Unfortunately, mortality has a PR issue: too many of us view death as a mouse in our brains -- a creature we ignore during the day but that gnaws away at our sanity come night. Instead, we should welcome the discussion of death into our homes.

Or, as one site is proposing, literally eat dinner with it. A Seattle-based artist started "Death over Dinner" last summer, an interactive website that helps people plan and invite guests to a meal where the conversation focuses around, well, you guessed it. And there are other initiatives to put talk of death on the table: last year Death Cafés spread across North America, and in July, NPR host Scott Simon live-tweeted his mother's death from the I.C.U. unit.

But the fact remains that bringing death into life is still a challenge. According to the Dying Matters coalition, 71 per cent of the public agrees that people are uncomfortable discussing death and grief. The cost of that silence can be measured in medical bills: though nearly 75 per cent of Americans want to die at home, only a third of them do. But the most important reason to face death head on is that, simply put, it is what motivates us to live.

Without time limits and, er, deadlines, humans would be aimless. There's a reason the axiom "You only live once" is so popular: recognizing our mortality is motivating and incites important questions about how to spend our time. A powerful YouTube video shows a pile of 28,835 jelly beans, one for each day of the average American lifespan, shrinking, as a voice explains how much time we spend on mandatory activities such as sleeping (8,477 days), working (3,202 days) and eating (1,635 days). We're left staring at a pile of 2,740 magic beans and some big questions:

"So what are you going to do with this time? If you only had half of it what would you do differently? What about half of that? How much time have you already spent worrying instead of doing something you loved?"

Touché. And why am I writing this column instead of hanging out with my 91-year-old grandfather?

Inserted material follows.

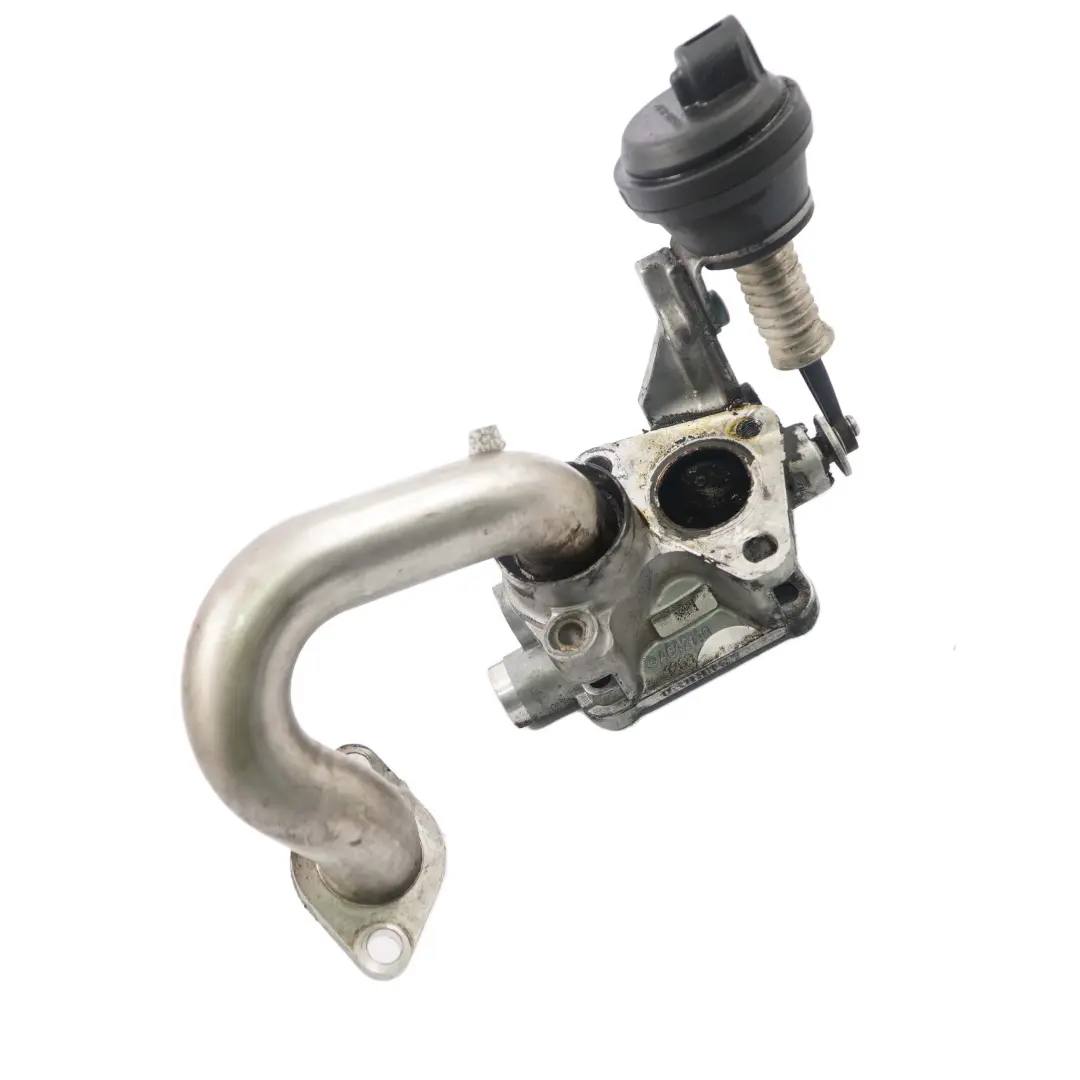 Mercedes Valvola Deviatrice EGR W204 W212 W221 OM642 Diesel A6421401008 - SKU A6421401263 - Numero di parte A6421401263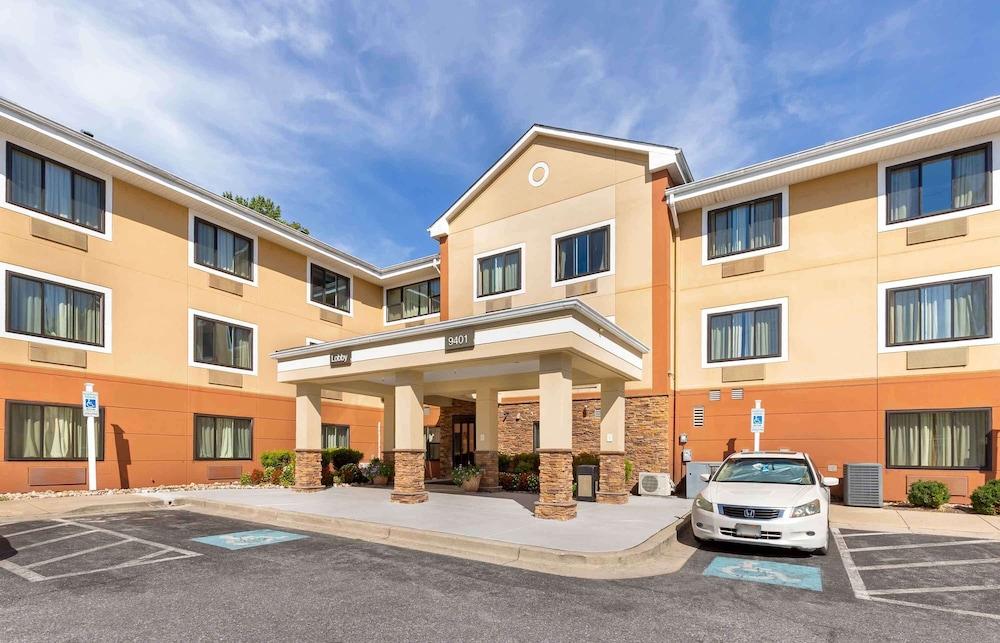 Extended Stay America Suites Washington DC Landover photo 27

Humans respond well to contrast, and life and death are the ultimate example. Without them, we would take too much for granted. How else to explain the sensation we feel after finding something or reuniting with someone we thought was lost. Whether salad spoons or a lover, both become infinitely more valuable when we realize just how tenuous our hold on them really is.

Just ask the dying about death's power to bring life focus. In a short film about the U.K. Labour Party strategist Philip Gould, shot in the last two weeks before he died of esophageal cancer in 2011, the wilting man said "I knew that the purpose here now was to give as much love as I could to people who mattered to me even though I was dying. And my life became death. It gained a kind of quality and a power as it never had before."

Last year, a hospice worker recorded the top five regrets of the dying for the Guardian. Number two? "I wish I hadn't worked so hard." Number four? "I wish I had stayed in touch with my friends." Our jobs don't love us back and can't comfort us on our death beds.

The fact that we are going to die should provide a sense of freedom along with the pressure to have a meaningful life. No matter how important we feel, we are one of 7 billion people who will all meet the same fate; microscopic flecks in an enormous universe. And no matter how badly we want to leave a legacy, be productive, or make the world a better place, death means we won't be around to enjoy it -- precious permission to take ourselves a little less seriously.

Talking about death isn't easy. I spend many nights baffled by the thought of not being on Earth one day. My dad told me this weekend he's still scared of death, and the man has spent a short lifetime meditating on the topic. But acknowledging the reaper is real will make for better years than even Google could manufacture.